▸ **Exercise goal**
A verbatim repetition of the data below is requested, without images.

▸ **Dataset extract**
---*---
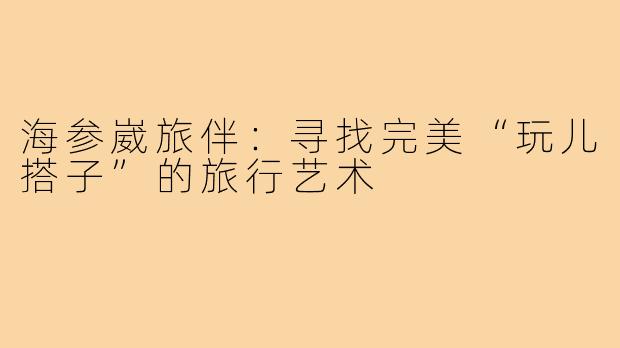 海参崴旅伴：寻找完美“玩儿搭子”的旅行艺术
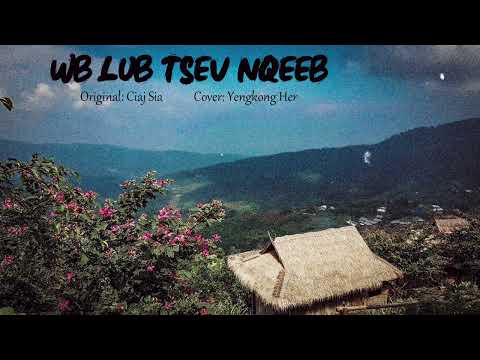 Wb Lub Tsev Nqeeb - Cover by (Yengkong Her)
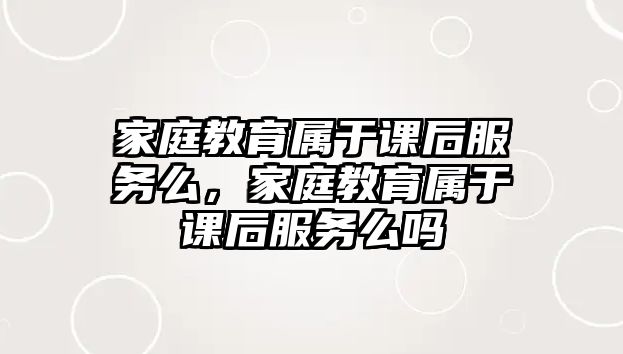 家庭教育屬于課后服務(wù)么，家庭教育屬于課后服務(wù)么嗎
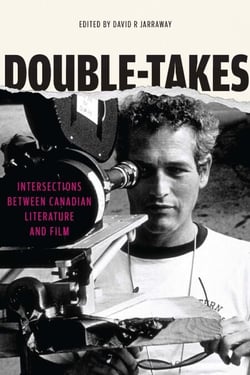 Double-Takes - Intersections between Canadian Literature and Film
---*---
▸ **Written answer**
 海参崴旅伴：寻找完美“玩儿搭子”的旅行艺术
 Wb Lub Tsev Nqeeb - Cover by (Yengkong Her)
 家庭教育屬于課后服務(wù)么，家庭教育屬于課后服務(wù)么嗎
 Double-Takes - Intersections between Canadian Literature and Film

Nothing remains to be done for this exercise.